How is this done? Are bits not written into RAM or disk? Are they not sent between machines in a training cluster? That's copying.
> it is seemingly not far removed from how humans consume content
Except that humans don't make full copies to RAM, or disk or paper.
AI doesn't need lasting copies to train, however I don't know what the actual implementation is. But if it's ruled that they can only use copyrighted data if it's not stored for more than the time it would take a human to consume, It wouldn't really cripple the models, but perhaps make training more logistically challenging.
It's important to understand that models are not data archives. They are statistical constructs made from getting quizzed, that uses human made content to generate the quiz questions.
Images on your retina form exact copies.
They are scanned and translated into impulses that are then sent to a first set of "neural columns" - that's an exact copy.

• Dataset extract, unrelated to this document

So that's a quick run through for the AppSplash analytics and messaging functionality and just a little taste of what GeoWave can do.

This is then connected to the visual cortex by the two most high bandwidth links in the human body ("the optical nerve", there's 2 of them of course, always wondered why everybody insists on using the singular). Why would you have that high bandwidth link unless to create verbatim copies.

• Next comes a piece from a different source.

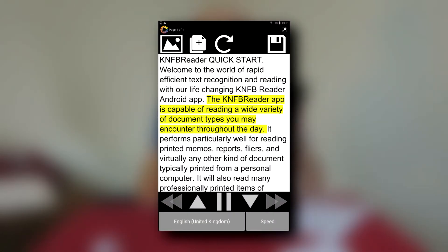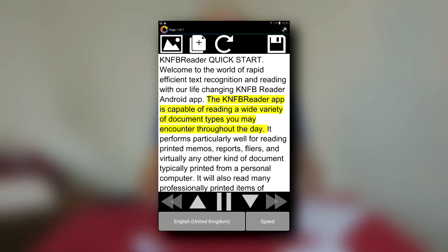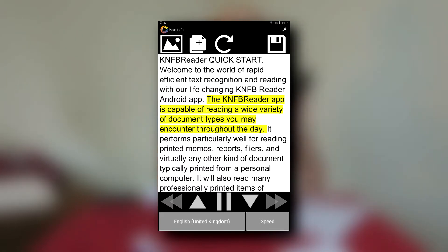At the bottom of the screen, your language option is still there so you can change the language, but now you also have an option to change the speed — increase or decrease the reading speed. Up at the top, you have a review picture button so you can view the picture of the document you just captured. Next to that, an add page button if you want to add another page. Beside that, the redo OCR button, which re-processes the image if you get a weird result. Then all the way to the right, a save button so you can save the scan as a document in your file manager and read it later.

The way those columns are structured also very strongly suggests they make carbon copies, which they then make available on the "brain bridge" (which is probably at least vaguely similar to the "attention matrix" of a transformer). If it does work like that, that's also a verbatim copy.

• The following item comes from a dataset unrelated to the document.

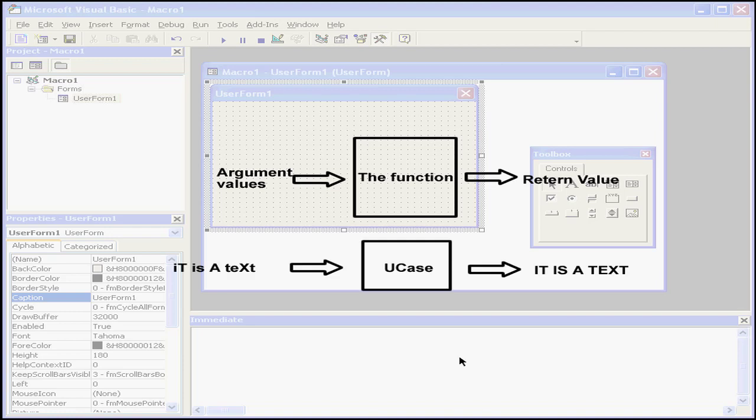Let's pick up some examples so you can see what I mean. If I have a string argument that looks something like this, I want to convert it to its uppercase equivalent. Visual Basic has a built-in function called UCASE that will do this for you.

The only way "humans don't make full copies to RAM" is that humans don't have separate RAM. The processing power is colocated with the processing, even on a microscopic level. You know, what everybody knows is the best way of doing things even in silicon, it's just incredibly impractical if you can't rebuild your circuit every time there's a slight change to the instructions your "computer" carries out (the brain is not a "Von Neumann architecture", except it kind of is when it regrows connections. But in the short term it isn't)
> Using software almost always involves creating copies, even though many of these copies only exist for a very short time. For example, executing a program means copying it from the hard disk into RAM so that the CPU can interpret the instructions. Because of this, the right to run a program is considered to fall under the copyright of the author.
For comparison, when a human looks at the letters, there is no copying.
Also, models can reproduce text verbatim which proves that they store it.
So it is unfair when ordinary folks got sued for this and Zuckerberg wants to get away with a million times larger violation. He must go directly to jail.
The computer model is working differently of course but functionally it's the same idea.